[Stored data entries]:
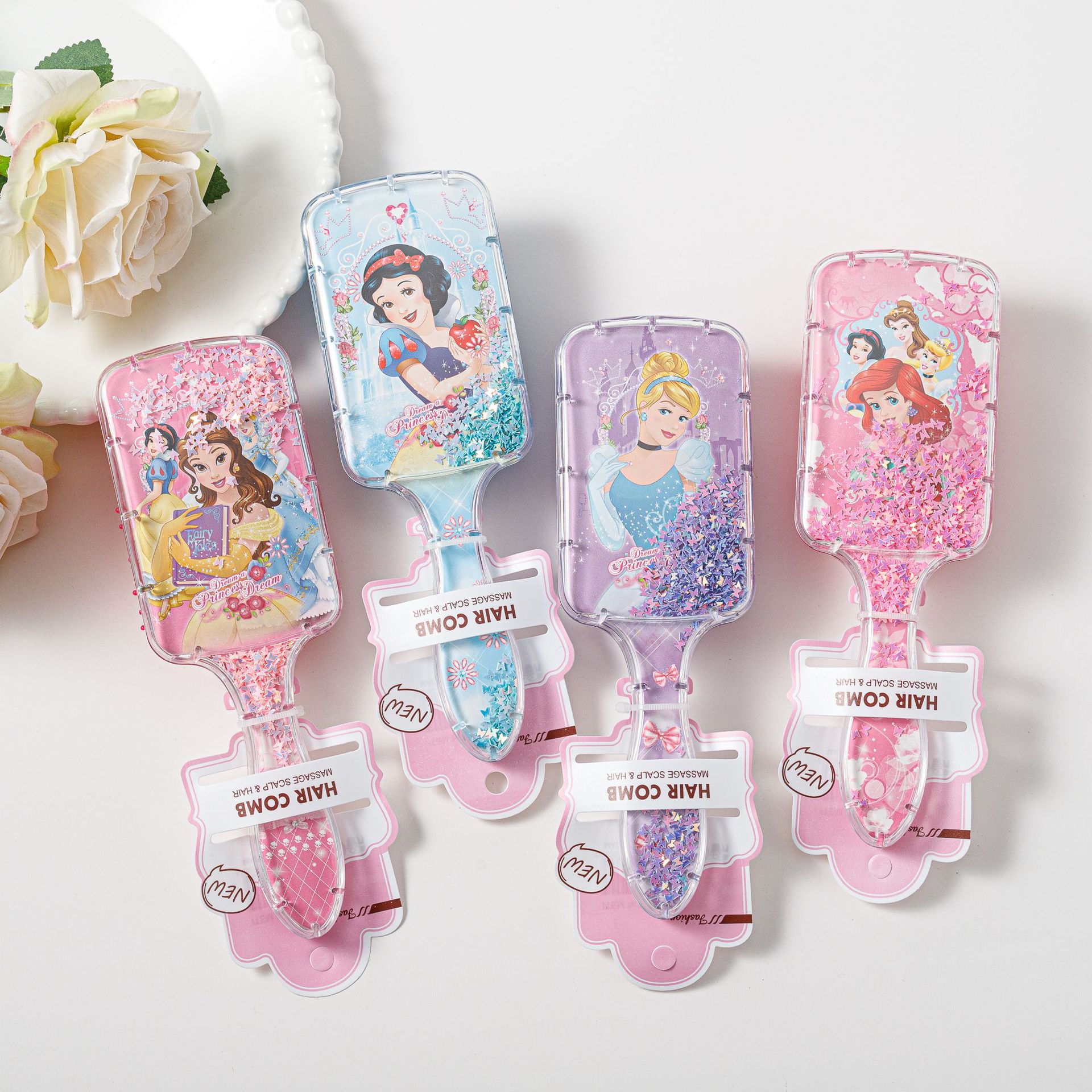 Frozen Elsa Minnie Mickey Mous - огляд і ціна Elsa Gadget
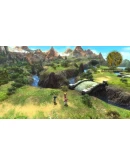 Ni No Kuni II: Revenant Kingdom The Prince's Edition Ni No Kuni II: Revenant Kingdom The Prince's Edition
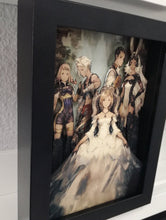 Load image into Gallery viewer, Final Fantasy XII Diorama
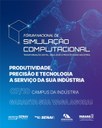 Unespar coorganiza Fórum Nacional de Simulação Computacional, em parceria com Senai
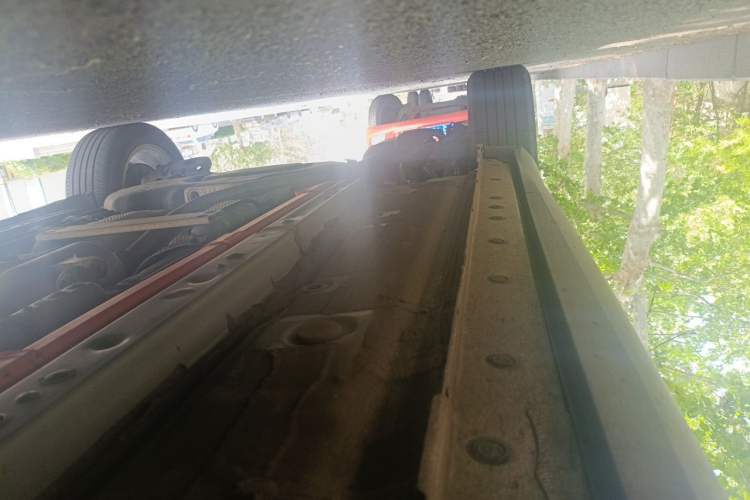 Used Toyota Corolla Cross 2023 Dual-Motor 2.0L Elite Edition Chassis Front Right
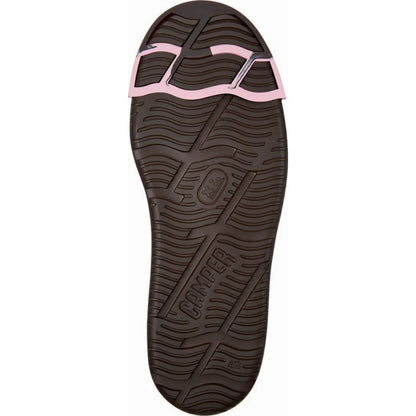 Junction Runner Marrón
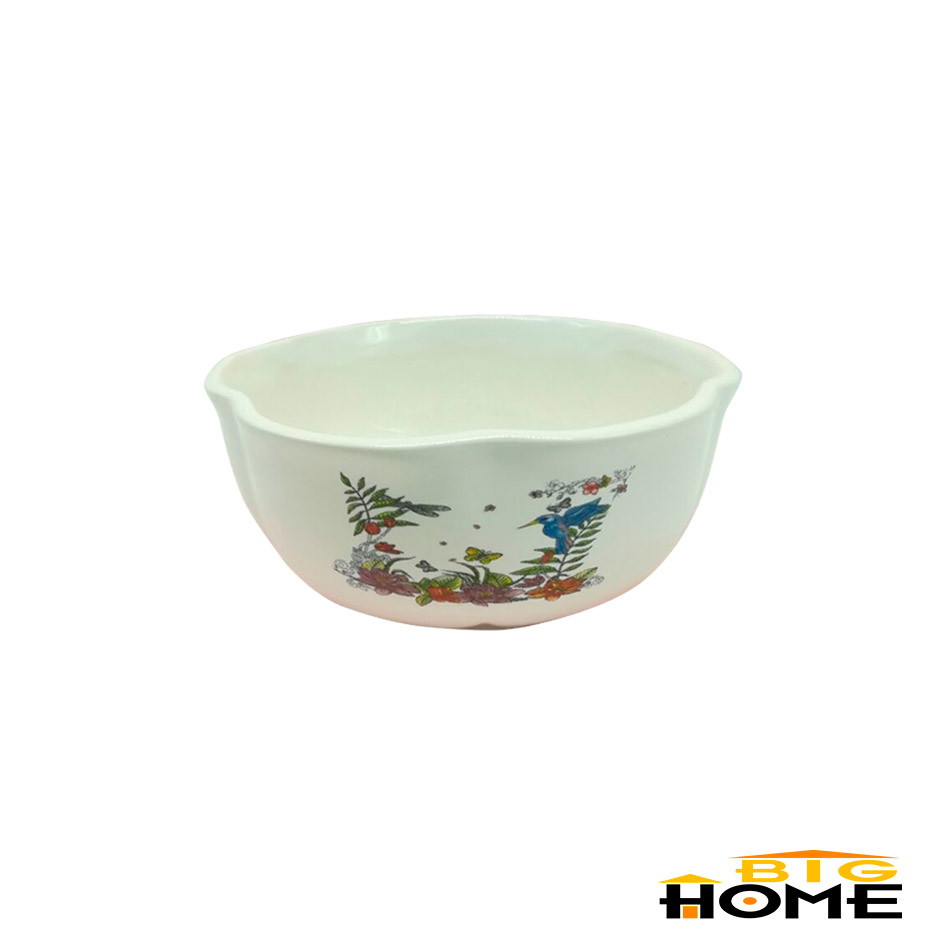 Tazón Big-Home Dolo Jy57018-1A D/Pajaro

[WORK TASK]:
Repeat every line of the data exactly, but do not include pictures.

[REPLY]:
 Frozen Elsa Minnie Mickey Mous - огляд і ціна Elsa Gadget
 Ni No Kuni II: Revenant Kingdom The Prince's Edition Ni No Kuni II: Revenant Kingdom The Prince's Edition
 Load image into Gallery viewer, Final Fantasy XII Diorama
 Unespar coorganiza Fórum Nacional de Simulação Computacional, em parceria com Senai
 Used Toyota Corolla Cross 2023 Dual-Motor 2.0L Elite Edition Chassis Front Right
 Junction Runner Marrón
 Tazón Big-Home Dolo Jy57018-1A D/Pajaro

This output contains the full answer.